I am planning a weekend trip to ATL 16-18 June with the uber chic Ms. M8.

I am interested in (1) fine dining locations, (2) nice/posh hotels, and (3) things to do during the day and evening. We'll probably visit Stone Mountain, as a minimum. (4) Is the Underground still around, or has it decayed again? (5) Where are there good night clubs with live music?

Thanks in advance.

M8


----------



## whnay. (Dec 30, 2004)

Fine Dining:
Joel (French)
Aria (French / American)
The Dining Room at the Ritz Carlton Buckhead (French)
Chops / Lobster Bar (traditional American steakhouse)
Seegars (Fusion)
MF Sushibar
Canoe (Californian)
Park 75 at the Four Seasons

Hotels:
Four Seasons
Ritz Carlton Buckhead

Things to do:
Aquariam
Olympic Park in downtown
High Musuem of Art

Shopping:
Virginia Highlands
Buckhead

Night scene:
Blind Willie's (Jazz, located in the Virginia Highlands)
Hand in Hand (outdoor venue, located in the Virginia Highlands)
Bar at the new Intercontinental Hotel in Buckhead


----------



## Martinis at 8 (Apr 14, 2006)

Thanks *whnay.*

Anyone heard anything about the _Gas Light Inn_ B&B. I understand it's close to the trendier part of town. See link https://www.gaslightinn.com/

Cheers,

M8


----------



## tripreed (Dec 8, 2005)

If you like Thai food or sushi, I would recommend Surin of Thailand. Here is their website .

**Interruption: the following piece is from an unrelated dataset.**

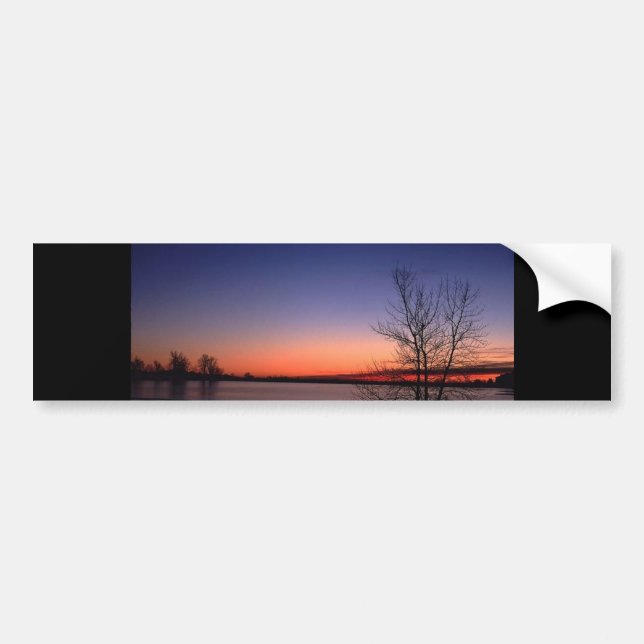 Lake Sunrise Autoaufkleber (Vorne)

For nightlife, for a Friday night I would recommend Martinis and Imax down at the Fernbank museum. It's pretty fun, here is that website .

Finally, I would recommend Cafe Intermezzo as a nice low-key place to get coffee or a drink. It is a European-style coffee house and stays open until 2 or 3 in the morning. Nice way to end a night. Here is that website https://www.cafeintermezzo.com/.

And of course, there are always Braves games. Have fun!


----------



## PITAronin (Nov 30, 2004)

A personal favorite of mine for dining - also conveniently located in the Buckhead area close to some of Atlanta's best shopping - is the upscale Greek seafood restaurant Kyma. I have a younger brother who once ran a casino in Greece and he demands that we go to Kyma every time he's in town.


----------



## Martinis at 8 (Apr 14, 2006)

For Atlanta hotels, which would be better, Ritz Carlton or Four Seasons?

M8


----------



## queueball (Jun 16, 2005)

Tough to say. There are two RCs - stay at the one in Buckhead. The Four Seasons is very nice - used to be the Intercontinental back in the day. If you go there make sure you eat right around the corner at Mid-City Kitchen.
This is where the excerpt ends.